Each entry in the listing below should be restated word for word.
────
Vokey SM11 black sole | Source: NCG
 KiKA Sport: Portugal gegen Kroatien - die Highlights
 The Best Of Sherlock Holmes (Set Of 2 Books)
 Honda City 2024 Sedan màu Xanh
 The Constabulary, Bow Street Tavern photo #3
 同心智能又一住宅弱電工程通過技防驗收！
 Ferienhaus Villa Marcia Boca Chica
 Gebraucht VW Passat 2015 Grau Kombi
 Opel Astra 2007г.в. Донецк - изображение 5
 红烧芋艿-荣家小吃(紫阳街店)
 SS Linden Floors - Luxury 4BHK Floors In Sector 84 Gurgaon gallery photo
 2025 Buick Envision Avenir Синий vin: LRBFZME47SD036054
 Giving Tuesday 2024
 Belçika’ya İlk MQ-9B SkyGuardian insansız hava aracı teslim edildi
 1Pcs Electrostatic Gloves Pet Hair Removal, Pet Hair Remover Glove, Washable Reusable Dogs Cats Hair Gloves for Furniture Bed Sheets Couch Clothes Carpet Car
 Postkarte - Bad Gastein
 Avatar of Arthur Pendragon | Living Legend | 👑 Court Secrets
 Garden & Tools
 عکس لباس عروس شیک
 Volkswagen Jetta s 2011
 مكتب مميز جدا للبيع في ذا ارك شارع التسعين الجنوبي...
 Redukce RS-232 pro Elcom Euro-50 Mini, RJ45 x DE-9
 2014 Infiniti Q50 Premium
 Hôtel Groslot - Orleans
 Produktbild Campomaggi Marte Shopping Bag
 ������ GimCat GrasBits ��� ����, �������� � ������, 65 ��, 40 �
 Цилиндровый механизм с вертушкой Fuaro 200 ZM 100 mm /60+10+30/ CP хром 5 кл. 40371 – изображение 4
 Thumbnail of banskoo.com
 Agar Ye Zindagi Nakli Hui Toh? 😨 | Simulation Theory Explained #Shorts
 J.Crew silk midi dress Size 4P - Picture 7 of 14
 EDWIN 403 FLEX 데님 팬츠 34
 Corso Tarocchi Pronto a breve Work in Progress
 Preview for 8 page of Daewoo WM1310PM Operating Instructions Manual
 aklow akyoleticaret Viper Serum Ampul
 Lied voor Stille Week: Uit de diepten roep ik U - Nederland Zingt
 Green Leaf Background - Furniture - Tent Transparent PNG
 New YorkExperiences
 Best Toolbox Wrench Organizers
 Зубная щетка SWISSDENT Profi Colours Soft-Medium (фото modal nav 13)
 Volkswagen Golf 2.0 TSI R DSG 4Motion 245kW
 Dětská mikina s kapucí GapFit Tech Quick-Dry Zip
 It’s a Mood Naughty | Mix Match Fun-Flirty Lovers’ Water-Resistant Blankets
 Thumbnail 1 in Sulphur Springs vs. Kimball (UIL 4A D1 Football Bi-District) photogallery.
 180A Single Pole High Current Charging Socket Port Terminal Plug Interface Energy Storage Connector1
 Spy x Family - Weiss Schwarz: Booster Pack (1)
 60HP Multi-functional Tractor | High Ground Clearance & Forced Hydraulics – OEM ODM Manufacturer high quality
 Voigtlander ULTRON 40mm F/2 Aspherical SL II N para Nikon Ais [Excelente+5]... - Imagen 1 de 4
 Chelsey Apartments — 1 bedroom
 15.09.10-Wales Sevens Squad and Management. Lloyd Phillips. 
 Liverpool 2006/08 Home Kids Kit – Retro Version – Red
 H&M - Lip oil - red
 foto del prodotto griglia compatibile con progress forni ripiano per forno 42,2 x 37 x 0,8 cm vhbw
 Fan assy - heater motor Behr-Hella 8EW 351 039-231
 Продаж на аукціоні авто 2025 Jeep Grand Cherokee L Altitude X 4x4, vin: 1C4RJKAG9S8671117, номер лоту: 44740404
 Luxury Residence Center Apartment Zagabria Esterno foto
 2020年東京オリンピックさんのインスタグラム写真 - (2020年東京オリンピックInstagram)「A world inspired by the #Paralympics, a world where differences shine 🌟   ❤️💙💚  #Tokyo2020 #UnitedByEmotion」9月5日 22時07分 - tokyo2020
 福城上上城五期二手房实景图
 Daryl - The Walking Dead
────
= Answer section =
Vokey SM11 black sole | Source: NCG
 KiKA Sport: Portugal gegen Kroatien - die Highlights
 The Best Of Sherlock Holmes (Set Of 2 Books)
 Honda City 2024 Sedan màu Xanh
 The Constabulary, Bow Street Tavern photo #3
 同心智能又一住宅弱電工程通過技防驗收！
 Ferienhaus Villa Marcia Boca Chica
 Gebraucht VW Passat 2015 Grau Kombi
 Opel Astra 2007г.в. Донецк - изображение 5
 红烧芋艿-荣家小吃(紫阳街店)
 SS Linden Floors - Luxury 4BHK Floors In Sector 84 Gurgaon gallery photo
 2025 Buick Envision Avenir Синий vin: LRBFZME47SD036054
 Giving Tuesday 2024
 Belçika’ya İlk MQ-9B SkyGuardian insansız hava aracı teslim edildi
 1Pcs Electrostatic Gloves Pet Hair Removal, Pet Hair Remover Glove, Washable Reusable Dogs Cats Hair Gloves for Furniture Bed Sheets Couch Clothes Carpet Car
 Postkarte - Bad Gastein
 Avatar of Arthur Pendragon | Living Legend | 👑 Court Secrets
 Garden & Tools
 عکس لباس عروس شیک
 Volkswagen Jetta s 2011
 مكتب مميز جدا للبيع في ذا ارك شارع التسعين الجنوبي...
 Redukce RS-232 pro Elcom Euro-50 Mini, RJ45 x DE-9
 2014 Infiniti Q50 Premium
 Hôtel Groslot - Orleans
 Produktbild Campomaggi Marte Shopping Bag
 ������ GimCat GrasBits ��� ����, �������� � ������, 65 ��, 40 �
 Цилиндровый механизм с вертушкой Fuaro 200 ZM 100 mm /60+10+30/ CP хром 5 кл. 40371 – изображение 4
 Thumbnail of banskoo.com
 Agar Ye Zindagi Nakli Hui Toh? 😨 | Simulation Theory Explained #Shorts
 J.Crew silk midi dress Size 4P - Picture 7 of 14
 EDWIN 403 FLEX 데님 팬츠 34
 Corso Tarocchi Pronto a breve Work in Progress
 Preview for 8 page of Daewoo WM1310PM Operating Instructions Manual
 aklow akyoleticaret Viper Serum Ampul
 Lied voor Stille Week: Uit de diepten roep ik U - Nederland Zingt
 Green Leaf Background - Furniture - Tent Transparent PNG
 New YorkExperiences
 Best Toolbox Wrench Organizers
 Зубная щетка SWISSDENT Profi Colours Soft-Medium (фото modal nav 13)
 Volkswagen Golf 2.0 TSI R DSG 4Motion 245kW
 Dětská mikina s kapucí GapFit Tech Quick-Dry Zip
 It’s a Mood Naughty | Mix Match Fun-Flirty Lovers’ Water-Resistant Blankets
 Thumbnail 1 in Sulphur Springs vs. Kimball (UIL 4A D1 Football Bi-District) photogallery.
 180A Single Pole High Current Charging Socket Port Terminal Plug Interface Energy Storage Connector1
 Spy x Family - Weiss Schwarz: Booster Pack (1)
 60HP Multi-functional Tractor | High Ground Clearance & Forced Hydraulics – OEM ODM Manufacturer high quality
 Voigtlander ULTRON 40mm F/2 Aspherical SL II N para Nikon Ais [Excelente+5]... - Imagen 1 de 4
 Chelsey Apartments — 1 bedroom
 15.09.10-Wales Sevens Squad and Management. Lloyd Phillips. 
 Liverpool 2006/08 Home Kids Kit – Retro Version – Red
 H&M - Lip oil - red
 foto del prodotto griglia compatibile con progress forni ripiano per forno 42,2 x 37 x 0,8 cm vhbw
 Fan assy - heater motor Behr-Hella 8EW 351 039-231
 Продаж на аукціоні авто 2025 Jeep Grand Cherokee L Altitude X 4x4, vin: 1C4RJKAG9S8671117, номер лоту: 44740404
 Luxury Residence Center Apartment Zagabria Esterno foto
 2020年東京オリンピックさんのインスタグラム写真 - (2020年東京オリンピックInstagram)「A world inspired by the #Paralympics, a world where differences shine 🌟   ❤️💙💚  #Tokyo2020 #UnitedByEmotion」9月5日 22時07分 - tokyo2020
 福城上上城五期二手房实景图
 Daryl - The Walking Dead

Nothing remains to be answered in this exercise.